▶ Records for this task
══════

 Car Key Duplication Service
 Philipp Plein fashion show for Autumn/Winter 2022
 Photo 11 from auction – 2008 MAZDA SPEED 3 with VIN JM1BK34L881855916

══════

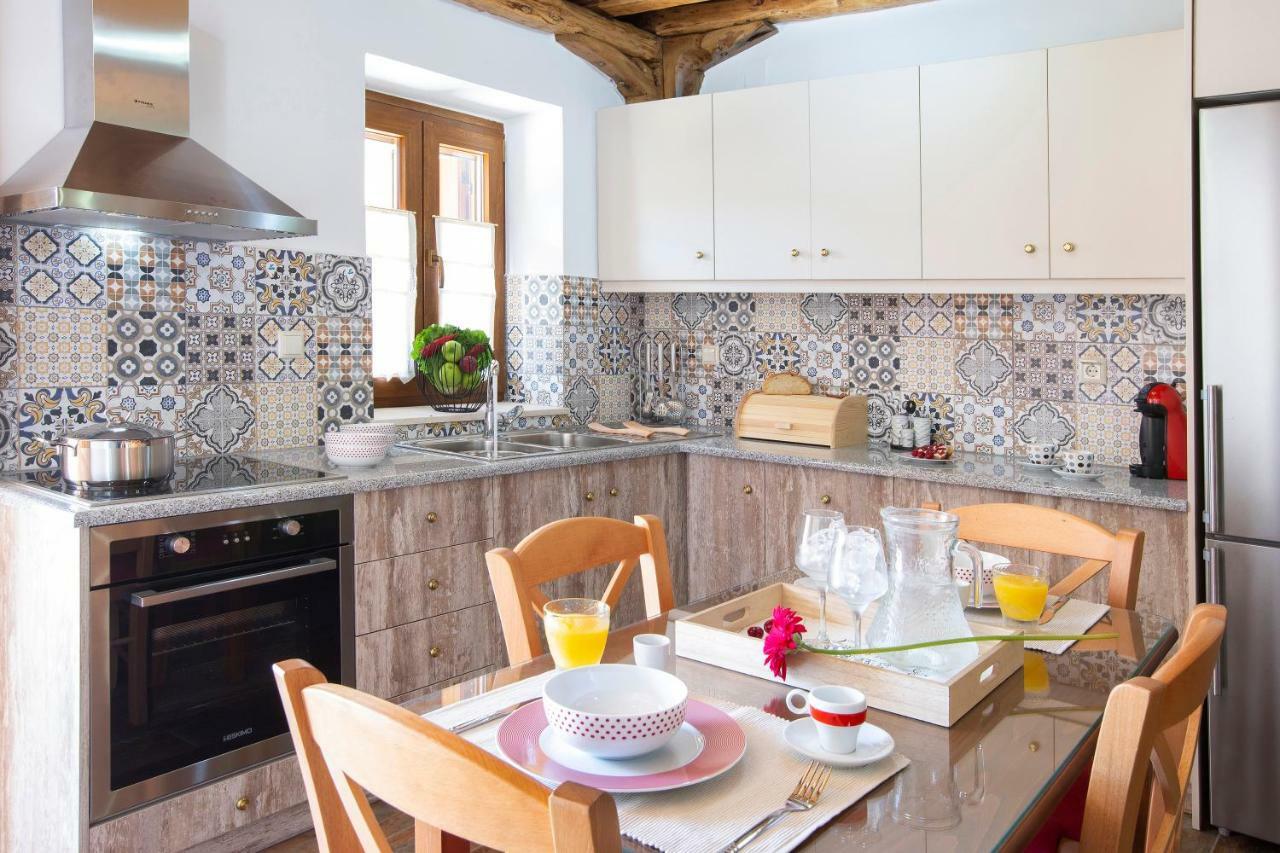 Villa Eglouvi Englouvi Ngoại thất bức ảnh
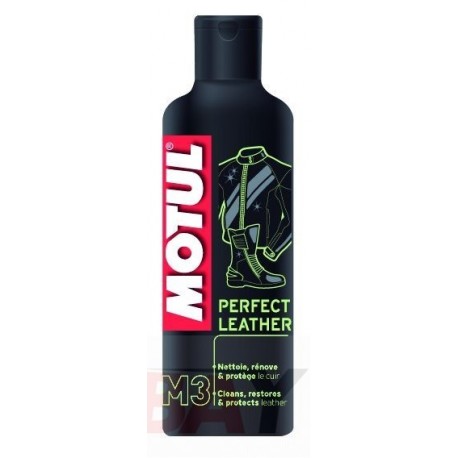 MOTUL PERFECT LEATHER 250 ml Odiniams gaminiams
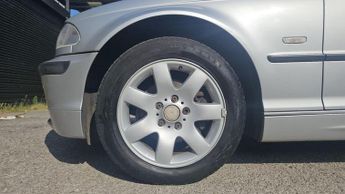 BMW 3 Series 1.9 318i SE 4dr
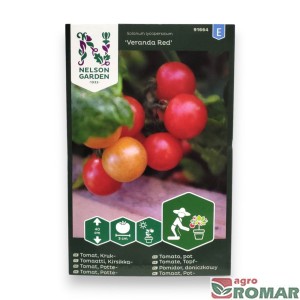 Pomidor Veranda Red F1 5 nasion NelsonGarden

══════

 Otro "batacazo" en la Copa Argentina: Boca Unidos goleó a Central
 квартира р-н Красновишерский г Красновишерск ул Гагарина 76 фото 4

══════

▶ Problem details
Copy, exactly and only, the lines above that begin with the one containing "goleó a Central" and finish with the one containing "квартира р-н Красновишерский".

▶ Solution to this exercise
 Otro "batacazo" en la Copa Argentina: Boca Unidos goleó a Central
 квартира р-н Красновишерский г Красновишерск ул Гагарина 76 фото 4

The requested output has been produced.